Beef Roulades Stuffed with Olives, Mashed Potatoes and Baby Spinach
Ingredients
- For the roulades
- 2 shallots
- 1 garlic clove
- olive oil
- 100 grams green, pitted Olives
- 50 grams diced Pancetta
- 4 Beef roulade
- salt
- freshly ground peppers
- 4 Tbsps grainy Mustard
- 1 bunch Soup vegetables (such as carrot, leek, parsnip or other aromatic vegetables such as celery or onion)
- 1 Tbsp Tomato paste
- 150 milliliters dry Red wine
- 400 milliliters Beef stock
- In addition
- 600 grams starchy potatoes
- 400 grams fresh, young Baby spinach
- 2 bay leaves
- 3 allspice
- 3 peppercorns
- 1 tsp freshly chopped rosemary
- 1 tsp freshly chopped thyme
- 2 Tbsps softened butter
- 120 milliliters lukewarm milk
- freshly ground peppers
- freshly grated Nutmeg
- 2 Tbsps butter
- 2 Tbsps Pastry flour
Preparation steps
For the roulades: peel shallots and garlic, chop finely. Heat oil in a pan and saute shallots and garlic until translucent. Drain olives and chop. Add bacon and olives to the pan and saute briefly. Place into a bowl and add Parmesan, mix well.
Rinse and pat dry roulades, season with salt and pepper and spread with mustard. Place stuffing onto meat and roll up, tie with a kitchen string. Heat oil in a pan and brown roulades on all sides.

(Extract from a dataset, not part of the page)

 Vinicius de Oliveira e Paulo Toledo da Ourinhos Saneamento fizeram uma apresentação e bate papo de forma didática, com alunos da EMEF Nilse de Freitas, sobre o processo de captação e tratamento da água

Clean vegetables and chop coarsely. Remove roulades from a pan and keep warm. Add vegetables to the pan and saute briefly. Add tomato paste and saute briefly, deglaze pan with half of wine. Reduce until almost all liquid is evaporated, add remaining wine and stock. Return roulades to the pan and simmer for about 1 1/2 hours on medium heat.
Meanwhile, peel potatoes, rinse and chop. Cook for about 30 minutes in boiling salted water.
Rinse and spin dry spinach.
Place spices into a spice bag and add to meat 45 minutes before the end of cooking.
Drain potatoes, let evaporate and press through a potato ricer. Combine with butter and milk, mix to a smooth puree. Season with salt, pepper and nutmeg.
Remove roulades from the sauce nad keep warm. Puree sauce and season to taste, bring to a boil again. If wanted, add flour butter (1:1 proportion) to thicken sauce.
Remove kitchen strings form roulades and slice meat. Arrange meat with potato puree and spinach on plates. Drizzle with sauce and serve.